Cardio- vascular diseases are an usual accompaniment of hypertension so try to avoid foods which are rich in saturated fats and cholesterol. Instead of these fats, include foods rich in unsaturated fats such as low-fat dairy products, yoghurt, fish, sunflower and olive oil.

Other minerals


It has been observed (through clinical studies) that there is an inverse relationship between potassium intake and hypertension. It means if you increase your potassium intake your blood pressure will come down. There are some specific age groups in which blood pressure can be controlled effectively by increasing the daily potassium intake. These age groups are

  1. Persons suffering from high or very high blood pressures.
  2. Elderly people with some kidney disease association.
  3. Persons taking any type of non-steroidal anti- inflammatory drugs (NSAID’s)
  4. Persons taking potassium sparing diuretics and angiotensin-converting enzymes as drugs.

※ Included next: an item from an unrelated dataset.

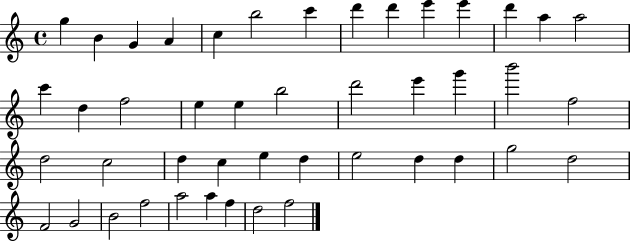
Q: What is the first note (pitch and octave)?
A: G5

You can enhance your potassium intake by adding fruits, fruit juices and vegetables in your regular diet.


There is no definite relationship between calcium intake and hypertension. However, some clinical studies show that high calcium intake has a little hypertensive effect.


Magnesium can play an important role in the regulation of blood pressure as it is a potent inhibitor of vascular smooth muscle contraction and can be a vasodilator. However, adequate information regarding its role in hypertension is not available yet.


Excessive alcohol intake is an independent risk factor for hypertension. Three drinks per day (3 fl. oz. or 90 ml) is the brink (verge) for high blood pressure and is able to raise the blood pressure by 3mm of Hg. So, it is clear that if you want to reduce the chances of development of hypertension restrict your alcohol intake 2 drinks. For males of less stamina and women this limit is up to 1 drink per day.


If there is no problem in urine output you should not restrict your fluid intake, if any kind of edema is present the fluid intake should be regulated according to the urine output.


Smoking has an injurious effect on hypertension and can further complicate the situation.